» WHAT THIS TASK INVOLVES:
In the records below, find the line holding "CANDLE Heart Shape Sparkling"; copy it and every line after it to the end, omitting all images.

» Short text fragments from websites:
┌──

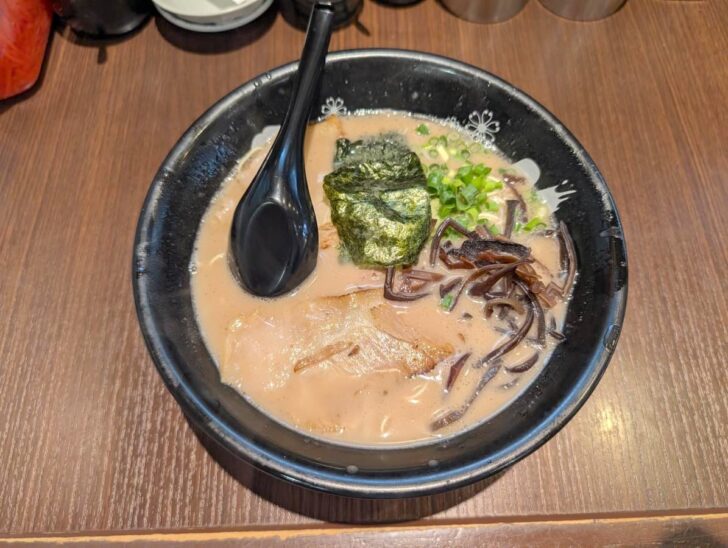 石田一龍の濃厚ラーメン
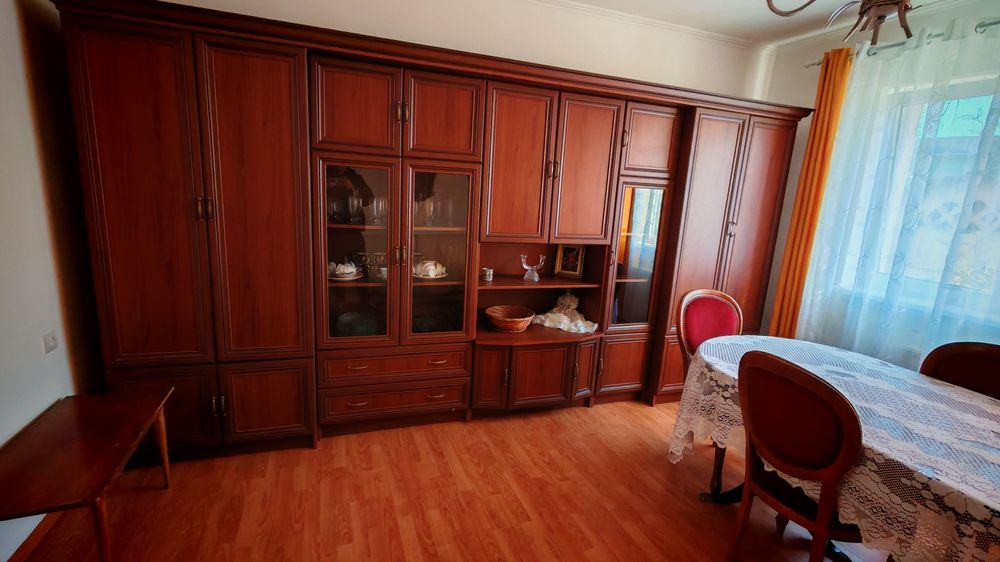 Здається в оренду 2к квартира в будинку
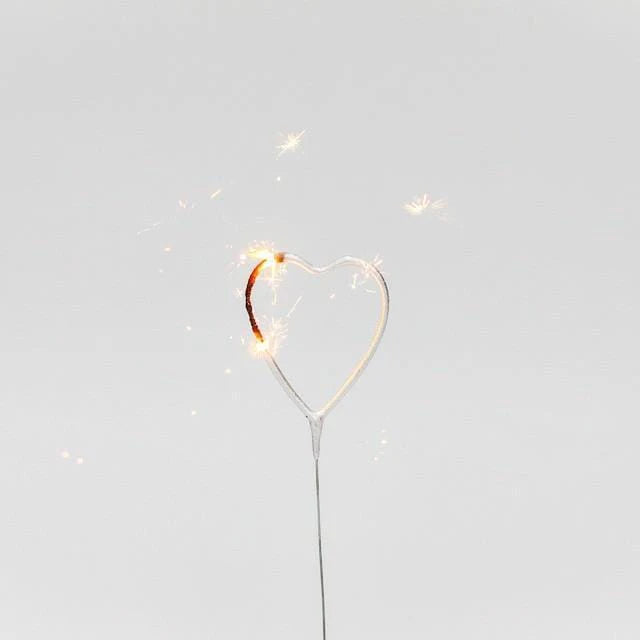 CANDLE Heart Shape Sparkling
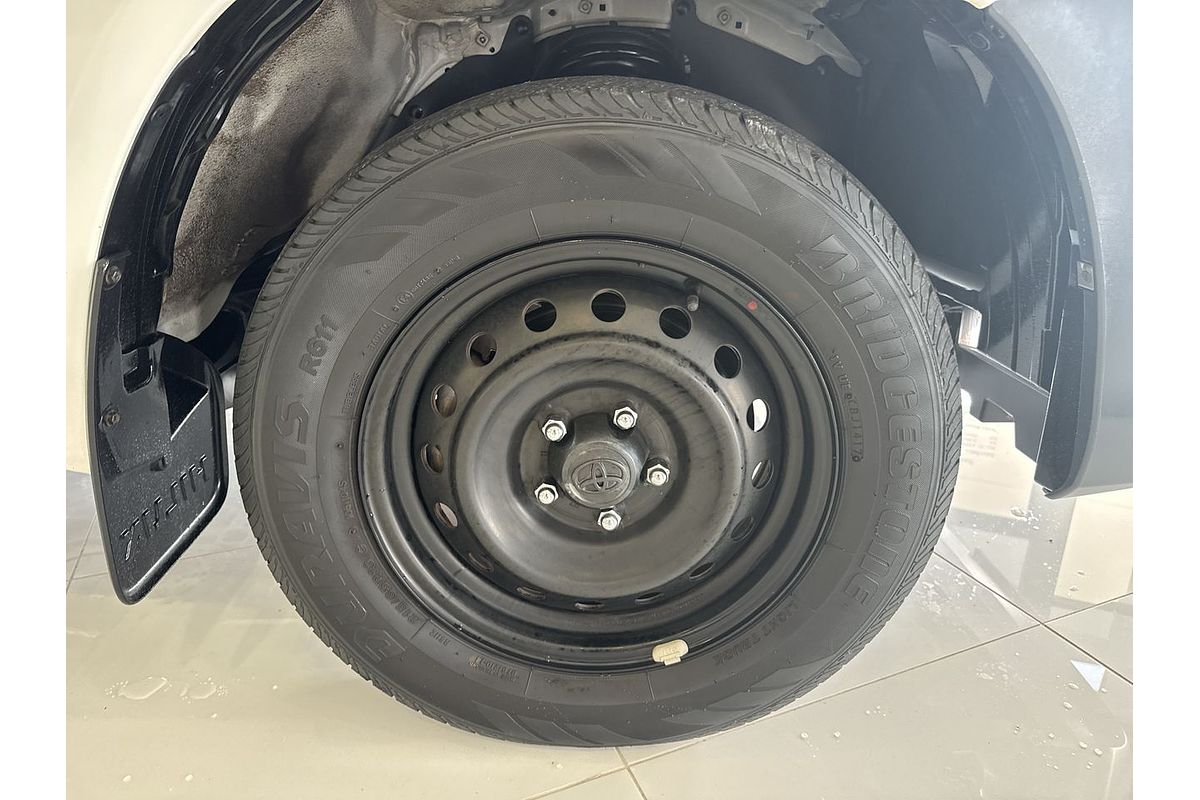 2017 Toyota Hilux Workmate TGN121R Rear Wheel Drive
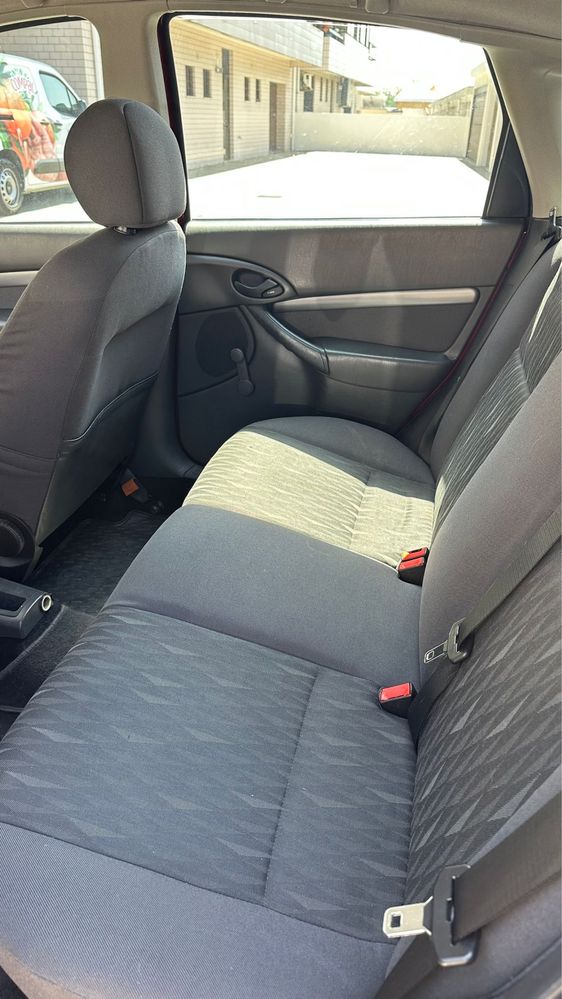 Ford Focus 1.4 Gasolina 5 portas – 2003 – 90.000 km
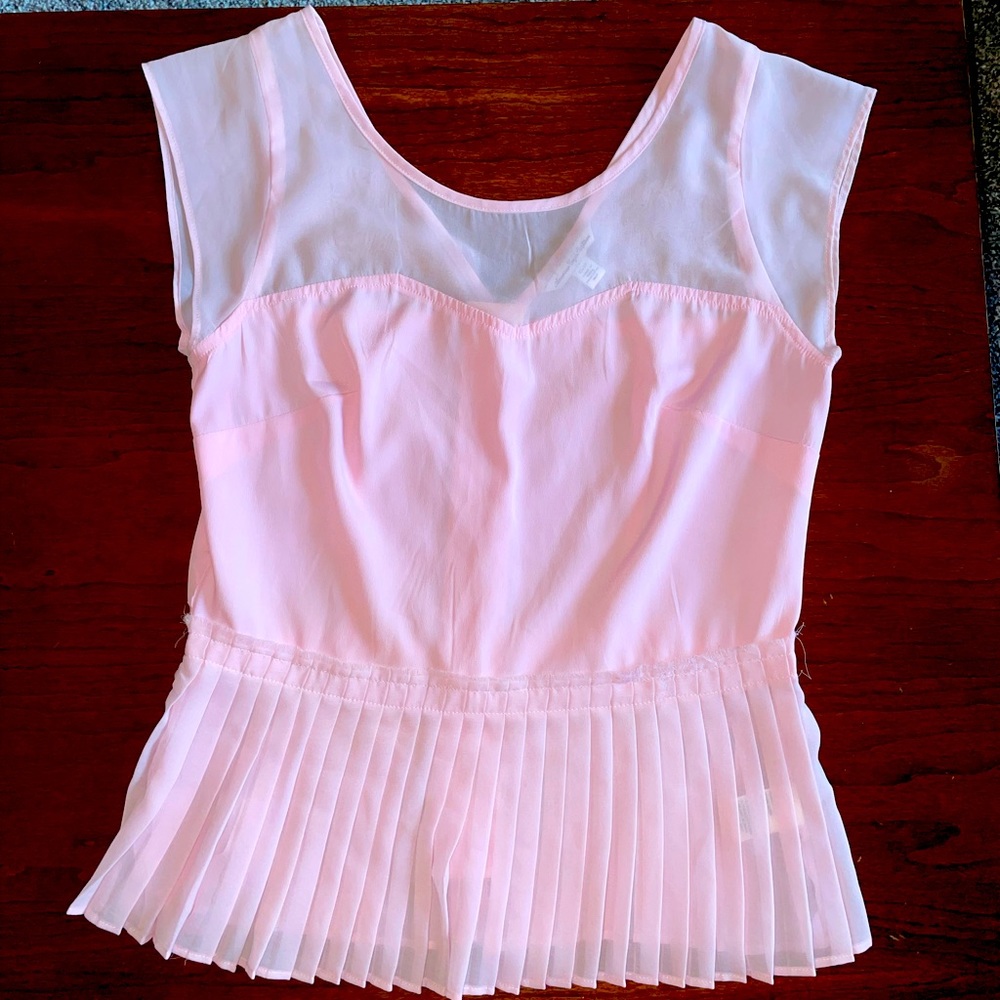 AE pink top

└──

» SOLUTION TO THE PROBLEM:
 CANDLE Heart Shape Sparkling
 2017 Toyota Hilux Workmate TGN121R Rear Wheel Drive
 Ford Focus 1.4 Gasolina 5 portas – 2003 – 90.000 km
 AE pink top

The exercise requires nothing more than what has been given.